Boy Band Mogul Cops to Crooked Scheme

Lou Pearlman, who launched Backstreet Boys and 'N Sync, pleads guilty to swindling $300 million

By Josh Grossberg Mar 07, 2008 7:17 PMTags

The man behind the Backstreet Boys and 'N Sync is getting ready to do a long jailhouse rock.

Boy band impresario Lou Pearlman pleaded guilty Thursday to swindling more than $300 million from banks and investors.

As part of a deal with federal prosecutors to avoid even more heinous charges, the 53-year-old Pearlman pleaded guilty in an Orlando courtroom to two counts of conspiracy for orchestrating a Ponzi scheme, along with single counts of money laundering and making false claims in a bankruptcy filing.

"I'm accepting full responsibility," the portly music svengali told U.S. District Judge G. Kendall Sharp, who quizzed him about the details of the fraud for almost an hour.

Sentencing was set for May 21, and he faces up to 25 years in prison and a $1 million fine.

But prosecutors said they will seek a shortened prison term for Pearlman, depending on how much he cooperates with prosecutors, bankruptcy trustees, the FBI, the IRS and state regulatory agencies in tracking down unnamed coconspirators and help recover the loot to repay investors.

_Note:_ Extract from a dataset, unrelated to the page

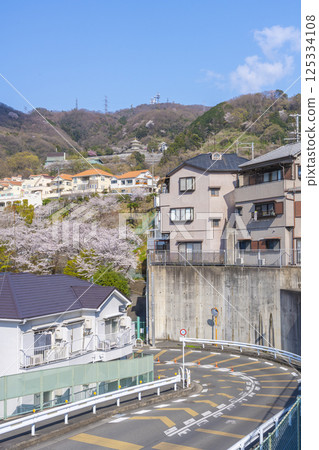 Ishikiri S-curve and cherry blossoms in full bloom Ishikiri S-curve and cherry blossoms in full bloom 125334108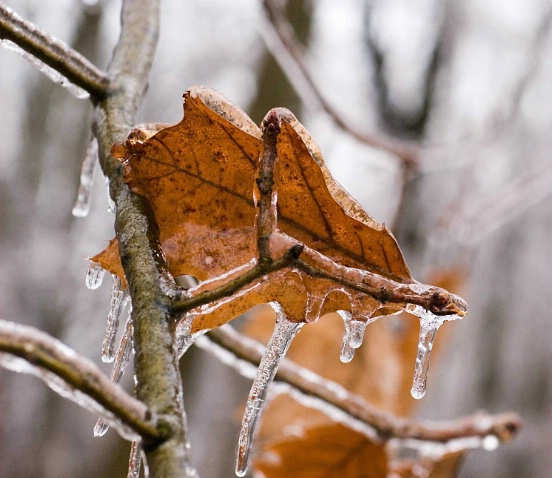 icy oaks - ID: 3280193 © Sibylle Basel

Pearlman is accused of bilking nearly $200 million from 1,800 investors by selling worthless stock in bogus companies. He also managed to bilk an additional $140 million in fraudulent bank loans using phony financial statements and tax returns supplied by a nonexistent accounting firm.

The feds were clued into the scheme by several victims, who claimed they gave the persuasive Pearlman money for high-yield savings accounts only to later discover that the he and his various corporate entities pocketed the money.

That sparked a probe by the FBI and IRS, who raided Pearlman's Orlando offices early last year. Pearlman subsequently disappeared during a European tour with his latest teenybop creation, US5, and went on the lam, turning up in Israel, Russia, Panama and Brazil before finally being collared in Bali, and carted back Florida.

Pearlman admitted to Sharp that he lied to investors on numerous occasions, such as when he claimed he had a German investment associate with a $50 million line of bailout capital, or when he alleged his Transcontinental Airlines had 41 planes in its fleet, when in reality there were only two.

Pearlman also copped to using the signature of a late associate, Harry Milner, who died in 2003, to avoid repayments.

When Sharp asked where all the millions went, Pearlman couldn't give a detailed accounting, only saying that the cash bankrolled various investments, along with "aircraft, living expenses, [and] working capital."